# Clue suggestions needed



## MsMeeple (Aug 21, 2004)

Our game this year will be a sort scavenger hunt. Our theme is a funeral and guests have been invited because they are possible heirs to the dead uncle's fortune. The game will begin with the reading of the will. The first clue will be in the will. The uncle will mention in his will that his lawyer will be handling his estate. He will also make some derogatory comments about the lawyer's character and how he can be bought. So if things go well, the guests will start by trying to bribe the lawyer. The will goes on further to say that the old man didn't trust anyone and hid his money. So the object will be to find where he hid his fortune. I want the clues to lead up to finding an old stuffed sock (dutch people hide money in socks). Once the sock is found, the fortune will be presented to the winner/winners. But at that exact moment, our dead guy will pop up in his coffin and laugh and say, You didn't really think I'd leave anything behind did you? I used it all up while I was alive! *wicked laugh*

So, the first clue is to bribe the laywer (we have a friend coming dressed as a laywer who is helping us). Now for the rest of the clues. Where does the lawyer send them for the next clue? Only thing I've come up with so far is that one of the clues should be on the body haha Will be funny seeing the search the pockets of a dead man!
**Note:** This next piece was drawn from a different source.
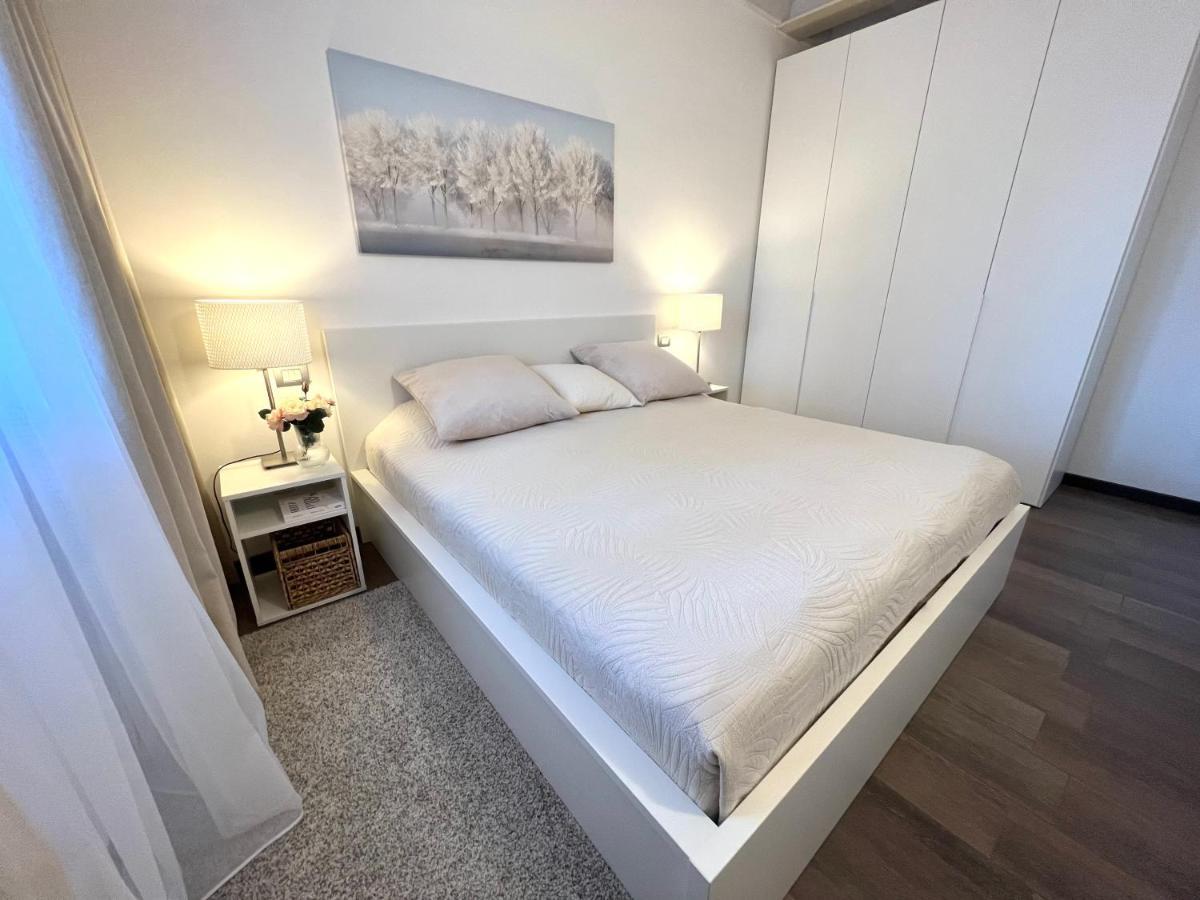 Paganini Suites And Apartments Sirmione Exterior photo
Another option I was thinking of is having a 'last request' in his will. Then they have to search for items to honor that request.

So, anyone feeling inspired?

MsM


----------



## spookylady (Sep 21, 2009)

I really like the idea of the funeral! sounds creepy.


----------



## Sexy Ladybug (Sep 17, 2009)

you could also have someone flip the breaker switch so all the lights go out all of a sudden at some point...


----------



## MsMeeple (Aug 21, 2004)

Nice idea lady bug but we keep all our lights off and use candle light lol
Maybe a large fan with a gust of wind to blow them all out at once 

MsM


----------



## great_ghoul (Aug 14, 2004)

How about mention of a pocket watch on the body. Someone finds the pocket watch, and it's stopped at a certain time. There could be a note in it that reminded the uncle to check his other clocks if that one stopped. There should be another clock in the house that has stopped at the same time. Behind there should be another clue.


----------



## great_ghoul (Aug 14, 2004)

Maybe the clue behind the clock is a cufflink....the one that is missing from the uncle's suit in the casket. Suggest that someone should put it on him. There could be another clue "up his sleeve"


----------



## moocheex55 (May 8, 2009)

I'm kind of inspired by what you said about a "final request"...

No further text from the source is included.